_What is expected_: With the line containing "Up out of the" as the start and the line containing "May include: Five" as the end, transcribe that span of the entries below exactly, including both.

*** Task material Section Begins ***

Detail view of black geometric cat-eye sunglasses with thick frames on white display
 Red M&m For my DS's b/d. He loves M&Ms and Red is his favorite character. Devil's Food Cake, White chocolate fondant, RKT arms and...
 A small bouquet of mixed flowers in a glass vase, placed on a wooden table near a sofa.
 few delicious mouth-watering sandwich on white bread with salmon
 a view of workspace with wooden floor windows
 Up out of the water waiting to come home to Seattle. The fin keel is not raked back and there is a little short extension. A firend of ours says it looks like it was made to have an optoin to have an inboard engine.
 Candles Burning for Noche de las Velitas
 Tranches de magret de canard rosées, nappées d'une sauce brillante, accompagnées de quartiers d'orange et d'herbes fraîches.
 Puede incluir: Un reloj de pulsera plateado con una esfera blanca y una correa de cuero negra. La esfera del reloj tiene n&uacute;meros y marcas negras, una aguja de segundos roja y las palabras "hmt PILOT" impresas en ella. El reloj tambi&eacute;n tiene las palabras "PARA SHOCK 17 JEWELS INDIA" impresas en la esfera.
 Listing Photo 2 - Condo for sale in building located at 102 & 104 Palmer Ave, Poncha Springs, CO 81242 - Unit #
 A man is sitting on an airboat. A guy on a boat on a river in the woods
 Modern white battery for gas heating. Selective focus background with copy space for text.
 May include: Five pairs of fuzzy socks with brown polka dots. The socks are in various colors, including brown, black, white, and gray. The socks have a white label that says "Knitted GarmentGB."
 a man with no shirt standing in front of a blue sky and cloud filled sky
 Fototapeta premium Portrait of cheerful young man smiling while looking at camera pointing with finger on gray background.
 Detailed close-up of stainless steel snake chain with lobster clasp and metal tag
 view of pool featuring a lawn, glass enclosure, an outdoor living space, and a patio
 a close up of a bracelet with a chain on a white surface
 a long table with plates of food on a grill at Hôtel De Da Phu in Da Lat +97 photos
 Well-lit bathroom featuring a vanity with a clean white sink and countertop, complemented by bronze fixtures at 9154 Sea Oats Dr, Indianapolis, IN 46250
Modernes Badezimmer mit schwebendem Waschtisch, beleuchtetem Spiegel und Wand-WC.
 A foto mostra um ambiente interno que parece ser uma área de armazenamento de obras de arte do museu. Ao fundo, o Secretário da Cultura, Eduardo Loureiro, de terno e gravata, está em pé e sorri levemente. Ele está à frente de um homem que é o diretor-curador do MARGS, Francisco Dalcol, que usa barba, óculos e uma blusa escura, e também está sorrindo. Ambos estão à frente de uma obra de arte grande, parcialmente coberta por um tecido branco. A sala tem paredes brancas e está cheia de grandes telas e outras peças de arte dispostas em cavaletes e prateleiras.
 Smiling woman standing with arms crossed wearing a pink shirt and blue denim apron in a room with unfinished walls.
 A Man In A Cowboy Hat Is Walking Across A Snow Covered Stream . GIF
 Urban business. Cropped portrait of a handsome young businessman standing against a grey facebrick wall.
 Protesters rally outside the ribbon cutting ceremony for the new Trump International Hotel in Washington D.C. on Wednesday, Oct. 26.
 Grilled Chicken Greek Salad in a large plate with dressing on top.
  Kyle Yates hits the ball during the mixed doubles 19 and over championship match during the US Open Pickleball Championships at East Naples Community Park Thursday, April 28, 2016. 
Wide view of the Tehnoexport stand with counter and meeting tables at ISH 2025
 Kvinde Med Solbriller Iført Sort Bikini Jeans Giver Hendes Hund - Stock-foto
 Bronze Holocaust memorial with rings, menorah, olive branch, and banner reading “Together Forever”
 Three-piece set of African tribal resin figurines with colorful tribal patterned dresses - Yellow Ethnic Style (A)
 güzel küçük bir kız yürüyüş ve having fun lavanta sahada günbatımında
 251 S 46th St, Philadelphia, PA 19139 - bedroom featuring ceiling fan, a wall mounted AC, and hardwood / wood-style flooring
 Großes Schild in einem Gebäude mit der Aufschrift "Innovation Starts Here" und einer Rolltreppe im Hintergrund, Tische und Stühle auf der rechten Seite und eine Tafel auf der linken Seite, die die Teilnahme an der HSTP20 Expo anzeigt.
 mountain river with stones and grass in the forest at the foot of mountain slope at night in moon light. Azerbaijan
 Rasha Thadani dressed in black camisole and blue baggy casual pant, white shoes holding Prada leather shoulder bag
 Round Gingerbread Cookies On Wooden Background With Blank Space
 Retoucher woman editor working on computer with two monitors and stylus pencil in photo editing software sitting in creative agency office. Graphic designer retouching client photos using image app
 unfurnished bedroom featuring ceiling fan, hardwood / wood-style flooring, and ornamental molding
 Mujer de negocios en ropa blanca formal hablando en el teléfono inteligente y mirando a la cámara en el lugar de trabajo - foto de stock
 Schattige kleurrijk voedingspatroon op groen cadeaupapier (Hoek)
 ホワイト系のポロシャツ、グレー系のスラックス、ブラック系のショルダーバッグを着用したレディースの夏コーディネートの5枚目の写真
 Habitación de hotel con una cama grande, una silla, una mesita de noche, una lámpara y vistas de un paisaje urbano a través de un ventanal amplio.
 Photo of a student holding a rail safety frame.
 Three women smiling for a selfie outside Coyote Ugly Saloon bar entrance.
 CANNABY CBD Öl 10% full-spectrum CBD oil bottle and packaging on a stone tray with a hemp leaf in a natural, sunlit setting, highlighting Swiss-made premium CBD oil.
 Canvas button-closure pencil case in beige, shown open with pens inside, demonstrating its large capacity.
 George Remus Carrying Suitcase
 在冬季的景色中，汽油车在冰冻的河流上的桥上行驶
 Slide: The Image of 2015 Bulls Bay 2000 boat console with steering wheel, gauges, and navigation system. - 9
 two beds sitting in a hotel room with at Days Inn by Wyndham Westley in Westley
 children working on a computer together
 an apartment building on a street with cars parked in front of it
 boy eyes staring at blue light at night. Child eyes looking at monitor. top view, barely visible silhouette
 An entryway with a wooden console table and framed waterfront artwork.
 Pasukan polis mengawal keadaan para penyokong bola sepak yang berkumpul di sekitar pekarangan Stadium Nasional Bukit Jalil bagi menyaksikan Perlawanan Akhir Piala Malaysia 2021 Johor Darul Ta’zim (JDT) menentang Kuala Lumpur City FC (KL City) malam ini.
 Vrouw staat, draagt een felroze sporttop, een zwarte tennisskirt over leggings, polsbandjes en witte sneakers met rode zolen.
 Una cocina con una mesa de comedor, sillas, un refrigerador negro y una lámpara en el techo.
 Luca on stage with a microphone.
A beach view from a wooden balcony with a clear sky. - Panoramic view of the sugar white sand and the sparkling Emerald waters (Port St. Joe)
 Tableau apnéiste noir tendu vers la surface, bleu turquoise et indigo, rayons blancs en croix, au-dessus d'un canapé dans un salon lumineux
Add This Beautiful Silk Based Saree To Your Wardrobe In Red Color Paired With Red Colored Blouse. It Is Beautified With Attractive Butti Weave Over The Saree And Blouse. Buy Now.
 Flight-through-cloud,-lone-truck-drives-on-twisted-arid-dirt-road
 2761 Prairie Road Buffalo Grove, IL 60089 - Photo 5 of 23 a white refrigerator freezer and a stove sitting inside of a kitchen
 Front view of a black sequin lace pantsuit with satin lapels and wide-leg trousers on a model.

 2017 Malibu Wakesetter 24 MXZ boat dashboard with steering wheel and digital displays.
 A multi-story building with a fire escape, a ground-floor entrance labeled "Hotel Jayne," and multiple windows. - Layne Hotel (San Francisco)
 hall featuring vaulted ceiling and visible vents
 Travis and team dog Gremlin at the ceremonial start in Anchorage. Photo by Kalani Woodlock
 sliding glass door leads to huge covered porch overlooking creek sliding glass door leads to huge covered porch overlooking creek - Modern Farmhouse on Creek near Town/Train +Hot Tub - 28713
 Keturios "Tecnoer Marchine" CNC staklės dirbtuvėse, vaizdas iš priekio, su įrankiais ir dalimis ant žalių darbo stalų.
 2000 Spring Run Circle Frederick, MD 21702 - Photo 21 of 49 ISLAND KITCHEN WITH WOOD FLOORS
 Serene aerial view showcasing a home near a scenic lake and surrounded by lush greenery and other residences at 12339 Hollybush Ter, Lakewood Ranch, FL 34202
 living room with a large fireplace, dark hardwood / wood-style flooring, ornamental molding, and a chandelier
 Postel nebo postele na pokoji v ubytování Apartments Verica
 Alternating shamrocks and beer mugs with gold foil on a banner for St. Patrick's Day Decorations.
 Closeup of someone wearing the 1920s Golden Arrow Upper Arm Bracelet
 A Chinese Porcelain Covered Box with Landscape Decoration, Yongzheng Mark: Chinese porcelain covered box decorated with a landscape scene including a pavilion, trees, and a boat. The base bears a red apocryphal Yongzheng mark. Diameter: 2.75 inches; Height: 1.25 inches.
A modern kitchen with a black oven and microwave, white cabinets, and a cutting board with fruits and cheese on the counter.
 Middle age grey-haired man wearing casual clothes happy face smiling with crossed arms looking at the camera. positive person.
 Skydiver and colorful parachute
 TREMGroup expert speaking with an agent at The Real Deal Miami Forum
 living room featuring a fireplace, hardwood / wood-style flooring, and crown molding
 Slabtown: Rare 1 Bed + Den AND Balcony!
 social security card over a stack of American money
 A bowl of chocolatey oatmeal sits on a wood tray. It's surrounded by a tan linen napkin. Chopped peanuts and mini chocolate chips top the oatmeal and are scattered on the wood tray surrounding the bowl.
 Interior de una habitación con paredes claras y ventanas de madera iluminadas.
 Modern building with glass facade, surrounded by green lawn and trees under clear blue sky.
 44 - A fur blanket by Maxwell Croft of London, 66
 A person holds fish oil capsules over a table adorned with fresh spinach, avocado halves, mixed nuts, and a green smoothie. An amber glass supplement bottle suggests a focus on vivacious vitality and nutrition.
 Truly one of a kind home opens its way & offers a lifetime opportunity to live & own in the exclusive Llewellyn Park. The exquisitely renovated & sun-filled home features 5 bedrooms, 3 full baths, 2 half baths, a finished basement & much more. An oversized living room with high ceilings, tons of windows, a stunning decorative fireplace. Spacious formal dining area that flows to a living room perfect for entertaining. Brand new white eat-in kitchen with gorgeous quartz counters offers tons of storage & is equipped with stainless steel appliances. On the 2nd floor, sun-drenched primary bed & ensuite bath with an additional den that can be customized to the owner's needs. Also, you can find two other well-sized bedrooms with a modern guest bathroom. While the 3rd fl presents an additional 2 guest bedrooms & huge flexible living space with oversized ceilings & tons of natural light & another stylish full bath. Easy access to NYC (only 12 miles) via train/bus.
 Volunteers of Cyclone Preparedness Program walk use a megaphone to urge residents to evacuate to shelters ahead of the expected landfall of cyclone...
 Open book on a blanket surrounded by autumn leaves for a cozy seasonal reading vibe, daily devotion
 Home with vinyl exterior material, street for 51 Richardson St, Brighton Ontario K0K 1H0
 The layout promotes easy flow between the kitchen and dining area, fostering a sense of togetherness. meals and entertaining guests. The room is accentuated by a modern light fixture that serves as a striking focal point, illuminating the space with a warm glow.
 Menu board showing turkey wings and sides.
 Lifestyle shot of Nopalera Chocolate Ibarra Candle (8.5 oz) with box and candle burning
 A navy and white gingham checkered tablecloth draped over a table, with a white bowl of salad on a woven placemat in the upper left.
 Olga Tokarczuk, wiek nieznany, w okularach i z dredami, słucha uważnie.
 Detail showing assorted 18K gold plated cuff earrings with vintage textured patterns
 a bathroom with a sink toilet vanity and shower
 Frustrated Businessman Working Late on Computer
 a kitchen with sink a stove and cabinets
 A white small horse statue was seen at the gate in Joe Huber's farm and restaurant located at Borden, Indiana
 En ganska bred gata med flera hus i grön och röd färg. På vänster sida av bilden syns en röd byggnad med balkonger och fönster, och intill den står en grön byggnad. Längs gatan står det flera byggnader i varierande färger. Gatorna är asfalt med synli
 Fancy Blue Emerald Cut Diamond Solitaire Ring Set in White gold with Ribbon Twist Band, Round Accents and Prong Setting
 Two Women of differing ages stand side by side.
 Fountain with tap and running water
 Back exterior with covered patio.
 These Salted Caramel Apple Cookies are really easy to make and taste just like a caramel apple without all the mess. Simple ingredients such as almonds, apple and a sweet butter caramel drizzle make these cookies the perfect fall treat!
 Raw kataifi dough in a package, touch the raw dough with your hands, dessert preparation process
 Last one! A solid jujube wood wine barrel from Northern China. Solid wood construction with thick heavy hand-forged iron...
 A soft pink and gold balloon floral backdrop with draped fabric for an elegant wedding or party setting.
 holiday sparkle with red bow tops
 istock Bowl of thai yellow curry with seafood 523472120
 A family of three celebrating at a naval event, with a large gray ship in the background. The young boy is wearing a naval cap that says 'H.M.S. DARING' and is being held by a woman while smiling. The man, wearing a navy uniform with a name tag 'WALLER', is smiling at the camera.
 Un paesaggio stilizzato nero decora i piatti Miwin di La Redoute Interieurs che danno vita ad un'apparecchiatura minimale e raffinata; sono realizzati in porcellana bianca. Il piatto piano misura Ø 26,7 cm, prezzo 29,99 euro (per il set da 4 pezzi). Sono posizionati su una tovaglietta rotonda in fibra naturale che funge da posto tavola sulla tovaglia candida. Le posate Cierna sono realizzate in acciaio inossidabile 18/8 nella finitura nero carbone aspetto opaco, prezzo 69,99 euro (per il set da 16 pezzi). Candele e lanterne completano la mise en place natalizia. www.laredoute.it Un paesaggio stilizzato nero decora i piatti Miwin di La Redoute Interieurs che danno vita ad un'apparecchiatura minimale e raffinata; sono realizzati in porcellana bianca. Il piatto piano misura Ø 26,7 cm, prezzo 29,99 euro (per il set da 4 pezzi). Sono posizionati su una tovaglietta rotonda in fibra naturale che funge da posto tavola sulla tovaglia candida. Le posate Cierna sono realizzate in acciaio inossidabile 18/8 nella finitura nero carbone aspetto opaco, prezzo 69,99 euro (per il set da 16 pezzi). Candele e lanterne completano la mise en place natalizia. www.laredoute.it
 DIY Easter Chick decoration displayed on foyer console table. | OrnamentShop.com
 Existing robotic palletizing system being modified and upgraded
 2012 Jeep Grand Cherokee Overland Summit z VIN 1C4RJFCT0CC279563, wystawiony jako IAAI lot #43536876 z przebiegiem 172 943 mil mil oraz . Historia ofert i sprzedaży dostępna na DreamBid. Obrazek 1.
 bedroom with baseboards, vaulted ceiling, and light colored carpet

*** Task material Section Ends ***

_Solution_:
 Up out of the water waiting to come home to Seattle. The fin keel is not raked back and there is a little short extension. A firend of ours says it looks like it was made to have an optoin to have an inboard engine.
 Candles Burning for Noche de las Velitas
 Tranches de magret de canard rosées, nappées d'une sauce brillante, accompagnées de quartiers d'orange et d'herbes fraîches.
 Puede incluir: Un reloj de pulsera plateado con una esfera blanca y una correa de cuero negra. La esfera del reloj tiene n&uacute;meros y marcas negras, una aguja de segundos roja y las palabras "hmt PILOT" impresas en ella. El reloj tambi&eacute;n tiene las palabras "PARA SHOCK 17 JEWELS INDIA" impresas en la esfera.
 Listing Photo 2 - Condo for sale in building located at 102 & 104 Palmer Ave, Poncha Springs, CO 81242 - Unit #
 A man is sitting on an airboat. A guy on a boat on a river in the woods
 Modern white battery for gas heating. Selective focus background with copy space for text.
 May include: Five pairs of fuzzy socks with brown polka dots. The socks are in various colors, including brown, black, white, and gray. The socks have a white label that says "Knitted GarmentGB."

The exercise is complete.